<<<<
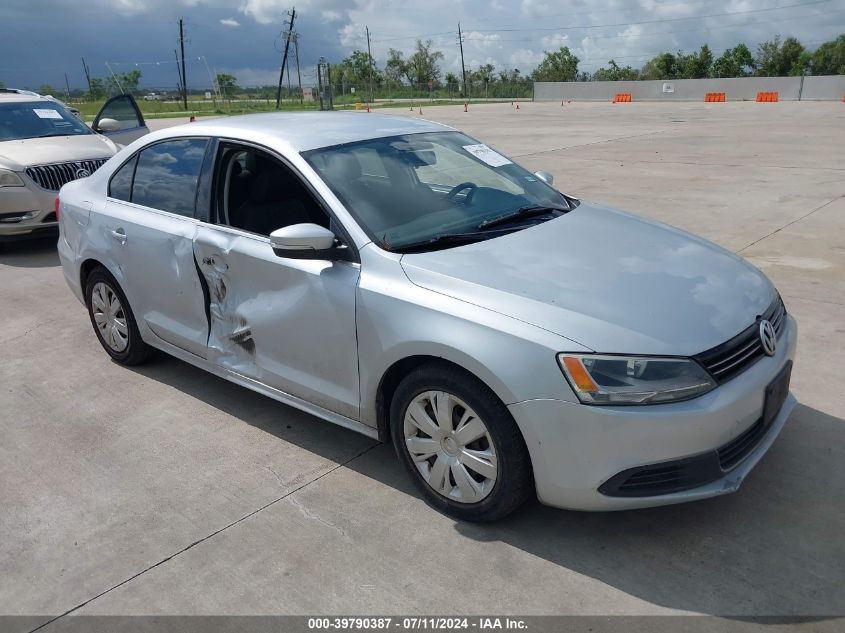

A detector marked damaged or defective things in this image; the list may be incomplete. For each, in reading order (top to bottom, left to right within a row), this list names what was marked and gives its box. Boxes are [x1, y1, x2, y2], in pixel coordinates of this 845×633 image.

damaged rear door [192, 226, 360, 420]
dented side panel [194, 226, 360, 420]
damaged front door [193, 225, 362, 422]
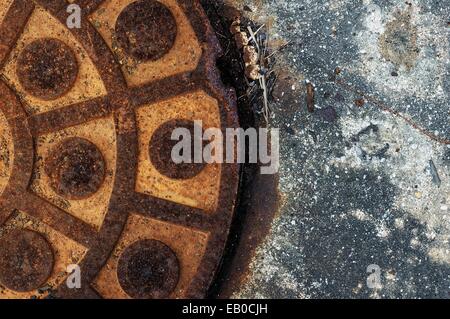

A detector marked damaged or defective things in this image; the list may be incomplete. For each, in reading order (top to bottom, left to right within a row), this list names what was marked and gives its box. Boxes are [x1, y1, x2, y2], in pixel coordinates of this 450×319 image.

rusty manhole cover [0, 0, 239, 300]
>>>>
EXERCISE DETAILS:
All of the entries above need to be transcribed exactly, except for the pictures.

SOLUTION TO THIS PROBLEM:
A detector marked damaged or defective things in this image; the list may be incomplete. For each, in reading order (top to bottom, left to right within a row), this list names what was marked and gives its box. Boxes are [x1, y1, x2, y2], in pixel coordinates of this 845×633 image.

damaged rear door [192, 226, 360, 420]
dented side panel [194, 226, 360, 420]
damaged front door [193, 225, 362, 422]

A detector marked damaged or defective things in this image; the list may be incomplete. For each, in reading order (top to bottom, left to right within a row), this list names what was marked and gives its box. Boxes are [x1, y1, x2, y2], in pixel coordinates of this 450×319 image.

rusty manhole cover [0, 0, 239, 300]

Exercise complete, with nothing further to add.